Если бы еще слово "монументальный" не выглядело так неуместно при встрече с рисунками, оживающими из разноцветных штрихов - взъерошенных, сталкивающихся друг с другом, прерывистых, прозрачных и дышащих, словно легкие шары пуха одуванчиков - дунь, и исчезнут. Да и инкубусы, в которых обломки старых значков, лыжного крепления, зажигалки или фарфоровой пробочки, закрепленные на кусочках дерева, вдруг волшебным образом обретают новую жизнь - то ли древнеегипетских богов, то ли игрушек, не похожи на скульптуры.

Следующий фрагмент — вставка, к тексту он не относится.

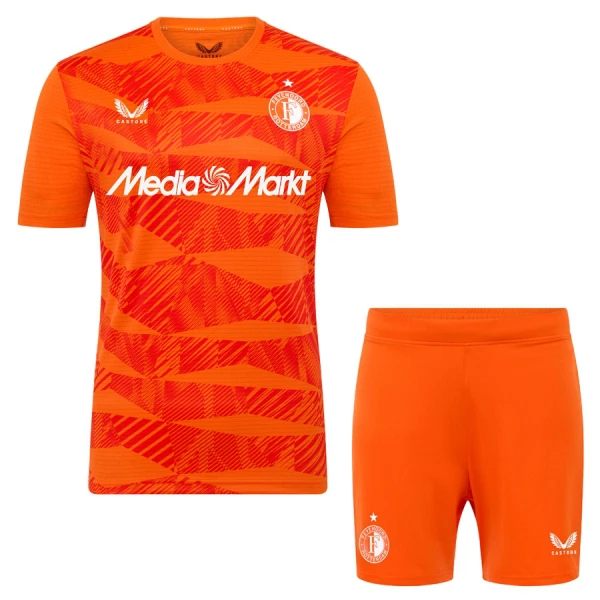 Feyenoord Rotterdam Dětský Brankářské Dres 2025/26 Oranžová Feyenoord Rotterdam Dětský Brankářské Dres 2025/26 Oranžová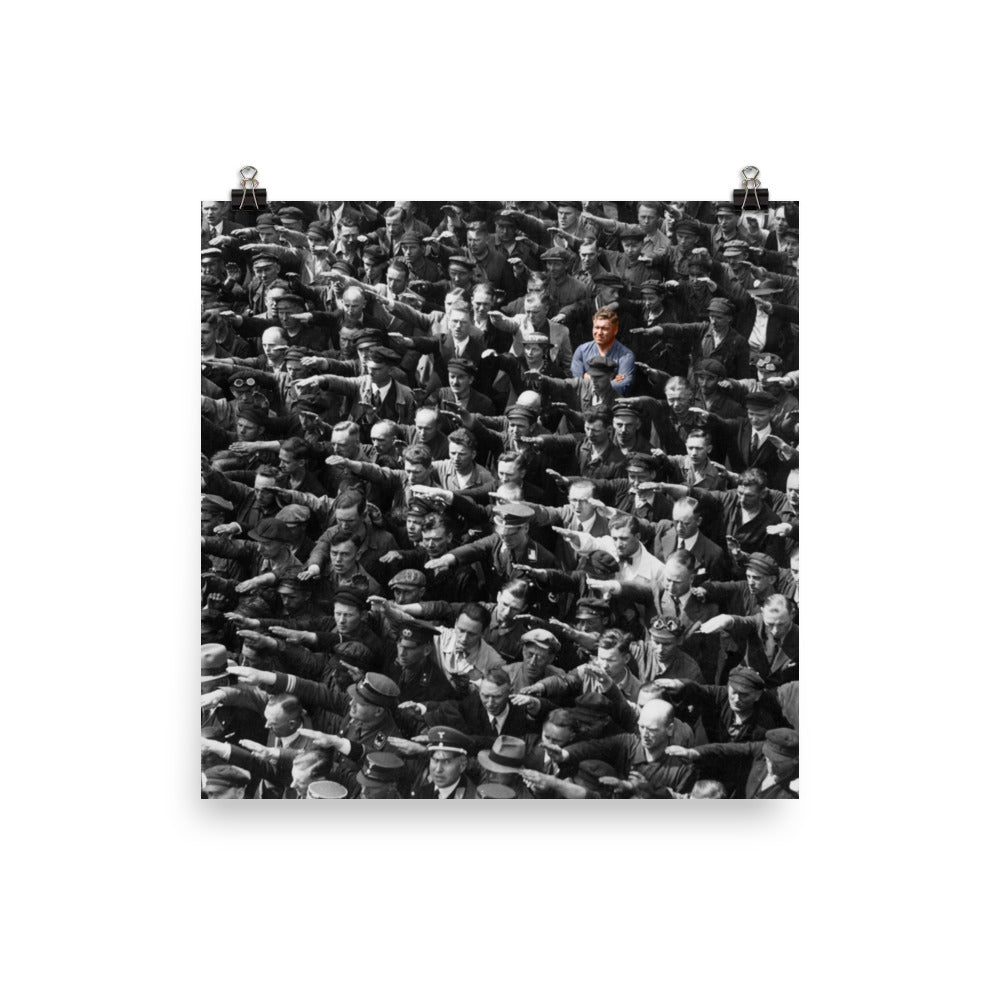 Colorized August Landmesser Photo Luster Prints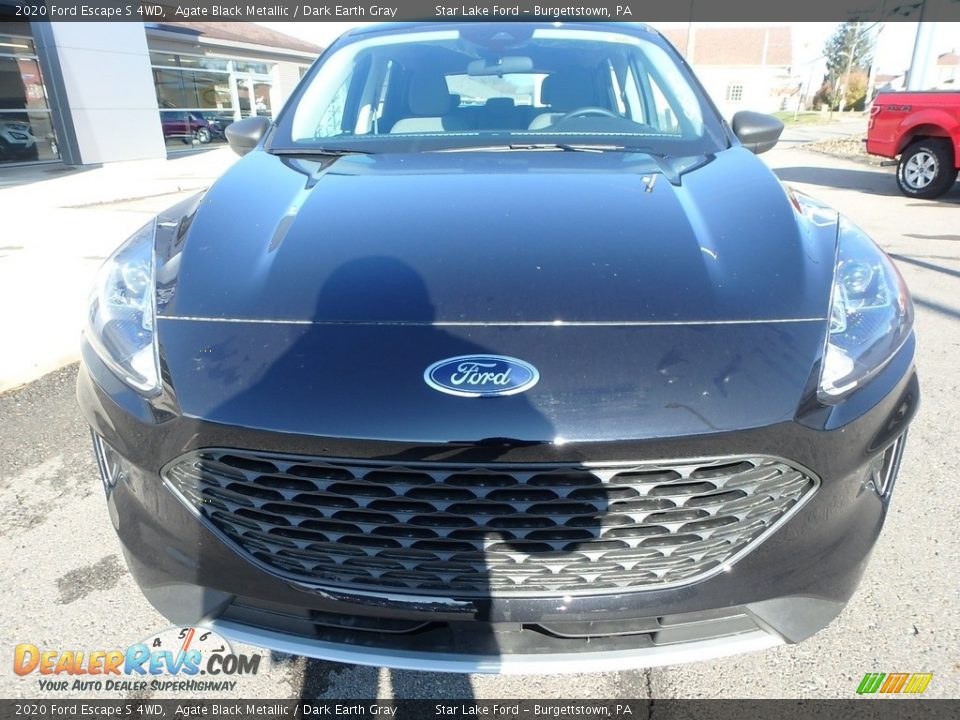 2020 Ford Escape S 4WD Agate Black Metallic / Dark Earth Gray Photo #2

Дело, впрочем, не только в материале - в конце концов после ахматовского "когда б вы знали, из какого сора растут стихи, не ведая стыда...", объяснять, что не только тяжелая броза и каррарский мрамор годятся для монументов, явно излишне. Нет, дело не в материале, но и в том, что персонажи "Обитаемых пейзажей" Басырова, кажется, всегда рады то ли задремать - пусть даже на неудобной раскладушке в трениках и джемперах ("Полдень. V, 1990), то ли погрузиться в сон наяву (как человек в костюме, с буддистским спокойствием возлежащий на мелководье этакой русалкой - "Прилив",1989), то ли парить над городом на манер неопознанного летающего объекта - "Объект", 1990).
Иначе говоря, если они и смахивают на монумент, то частенько - на очень старый, обкатанный волнами моря, ветра и времени. Словом, скорее на валун, чем на памятник.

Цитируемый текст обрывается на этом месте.